Arlene Schindler often says, “I come from a long line of miserable people.” This is her shorthand for growing up in what she calls “an iconoclastic, dramatic Brooklyn Jewish family.” She writes and speaks frequently about issues of Jewish identity, East coast angst and feelings of invisibility at mid-life.
Using humor and affection, she’s tackled topics like dating, marriage to a sex addict, divorce (not a surprise), as well as diet, weight and emotional eating. She’s an author and speaker sharing humorous tales of women’s secrets and desires. Arlene originated the comedy column for The New York Post, writing reviews and profiles of comedians appearing in New York City. It was the first of its kind in the country, helping spur comedy’s greatest growth period.
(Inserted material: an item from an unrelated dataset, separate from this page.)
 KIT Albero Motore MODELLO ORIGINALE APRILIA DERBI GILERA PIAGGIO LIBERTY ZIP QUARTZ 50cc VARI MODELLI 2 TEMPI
Her writing has appeared in The Los Angeles Times, Daily Variety, Purple Clover, Huffington Post and many other publications.
Arlene’s newly published funny memoir, Stand Up & Heartbreak: A Comic and a Sex Addict Walk Into a Marriage (HumorOutcasts Press), “features love, lies, jokes and pizza…something from all the vital food groups.” She is also a contributor to the anthology Women Under Scrutiny and has written a novel, The Last Place She’d Look. She also contributed to Moms are Nuts: Just Don’t Tell Them We Said So, described as a collection of stories about mothers, grandmothers, mother-in-laws and mother figures who have crossed the paths of some of the wittiest writers and comedians.